Andy Bernard, the lovable sad sack played by Ed Helms for several seasons of NBC’s The Office, muses aloud at one point during the super-emotional series finale that he wishes there was a way to know you’re in the good old days “before you’ve actually left them.”
The outcry this week over news that NBC has finally begun taking steps to pull The Office from Netflix — which won’t happen anytime soon, but still — was predictably swift and overwhelmingly incredulous. It might also have you believe that fans of the nine-season workplace comedy will, like Andy Bernard, similarly lament the end of the good old days if the Dunder Mifflin crew ever breaks all our hearts and moves to a new streaming home.
The crush of news coverage came in response to a Wall Street Journal piece, which tried to make the case that most of what people are spending their time watching on Netflix isn’t the streamer’s exclusive original shows, like Narcos and The Crown. It’s the third-party retro classics licensed by Netflix like The Office — which, according to Nielsen data covering the 12 months that ended in July, Netflix users spent an insane 45.8 billion minutes watching.

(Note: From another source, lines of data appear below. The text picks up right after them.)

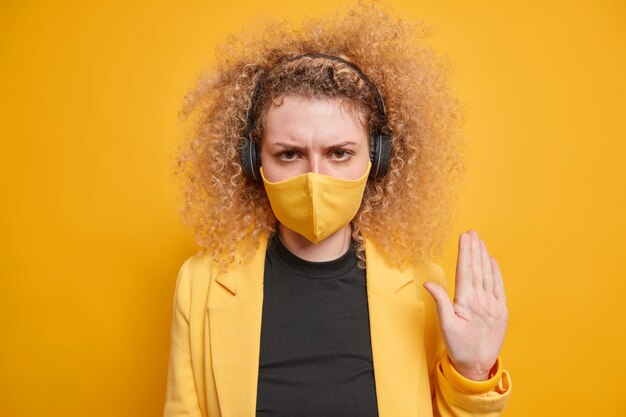 Photo of serious curly haired woman makes stop hand gesture to protect from Covid 19 asks to stop coronavirus outbreak and keeps social distancing listens music via headphones looks very strict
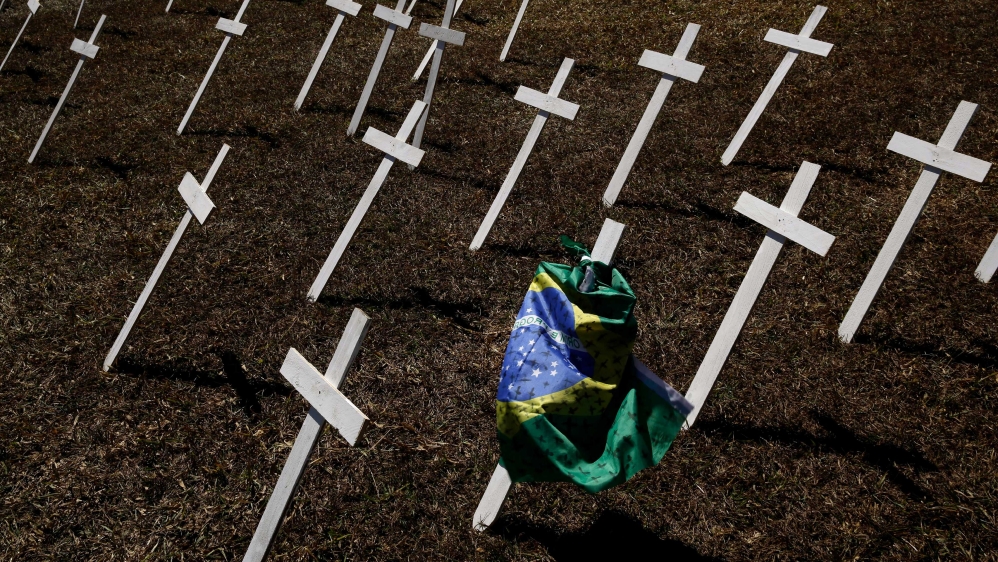 Rows of crosses representing the thousands of deaths due to the new coronavirus are displayed on a lawn during a protest demanding President Jair Bolsonaro be impeached, in front of the National Congress in Brasilia, Brazil
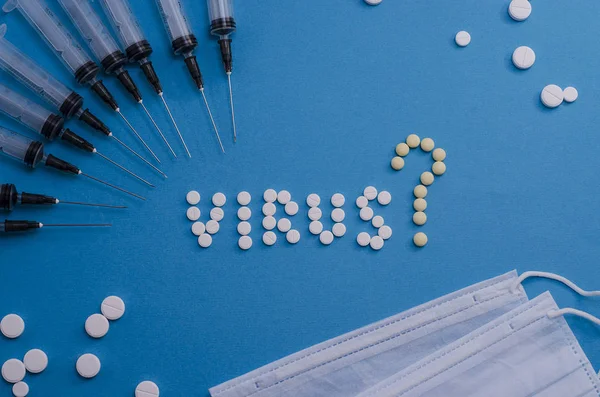 Tablets laid out with the word virus with a question mark and syringes on a light blue background. What are the symptoms of the virus? Issues of distribution and treatment.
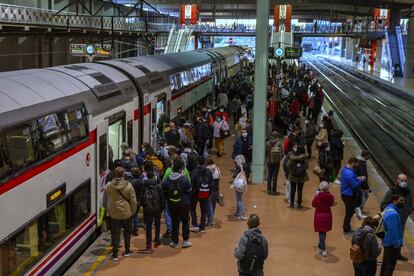 Decenas de personas esperan en un anden de Cercanías de la estación de Atocha este lunes, primer día laborable con las nuevas restricciones establecidas en Madrid capital y otros nueve municipios para frenar la expansión del coronavirus.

That same report from the paper also noted that NBC is in talks about bringing The Office over to its own streaming service after the license with Netflix expires. Which led Netflix to rush out a somewhat lighthearted response via social media as the outcry from fans began to pick up steam:
Hello it's me with your regularly scheduled reminder that The Office will be on Netflix until 2021 — at least!
— Netflix (@netflix) April 24, 2019
Which brings us to the the title of this post, and the fact that The Office’s ultimate Netflix fate is one of those news stories that it’s easy to draw some overly simplistic and even incorrect conclusions from.
It’s also a good Rorschach test that, for many people, just confirms what they already think about Netflix. See, the service is doomed. See, it’s in danger of losing its most popular third-party content. It’s going deeper and deeper into debt to fund its own original shows and movies, which are nowhere near as popular as something like The Office — which Netflix better not lose, or by god me and all my friends will cancel our subscription.
The fact of the matter, though, is that Netflix understands TV better than you do. So does Matthew Ball, a former head of strategy at Amazon Studios.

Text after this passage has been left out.